- Brief
Please repeat each line below exactly, with no images in the copy.

- Task data
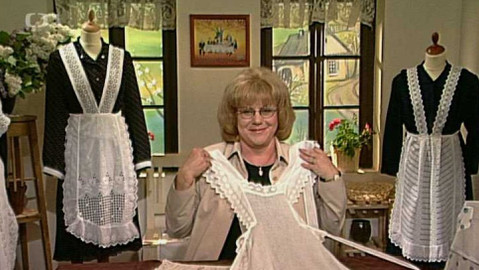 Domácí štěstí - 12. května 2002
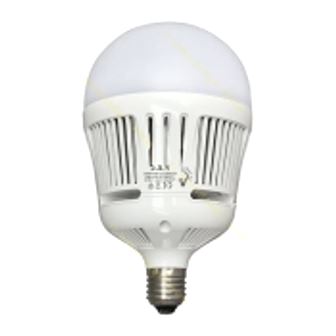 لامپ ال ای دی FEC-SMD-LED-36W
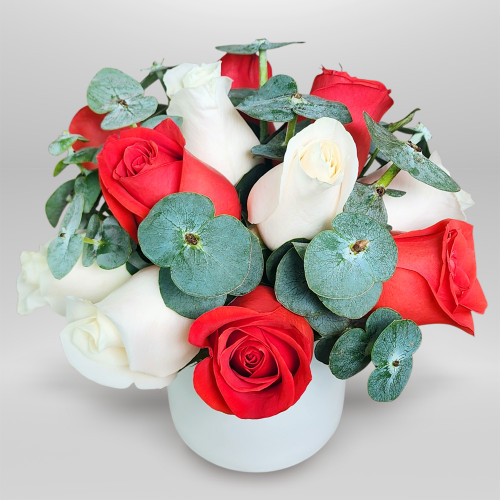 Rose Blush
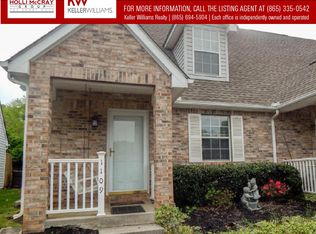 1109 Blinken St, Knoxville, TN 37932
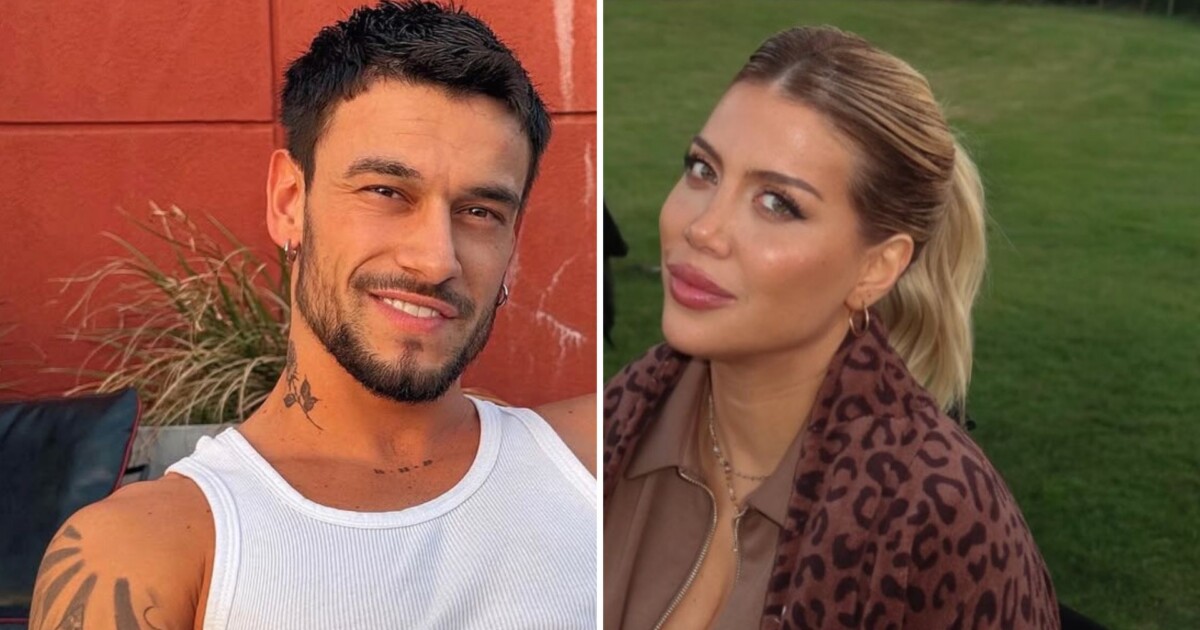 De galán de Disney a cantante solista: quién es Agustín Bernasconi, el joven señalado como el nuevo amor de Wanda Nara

- Expected answer
 Domácí štěstí - 12. května 2002
 لامپ ال ای دی FEC-SMD-LED-36W
 Rose Blush
 1109 Blinken St, Knoxville, TN 37932
 De galán de Disney a cantante solista: quién es Agustín Bernasconi, el joven señalado como el nuevo amor de Wanda Nara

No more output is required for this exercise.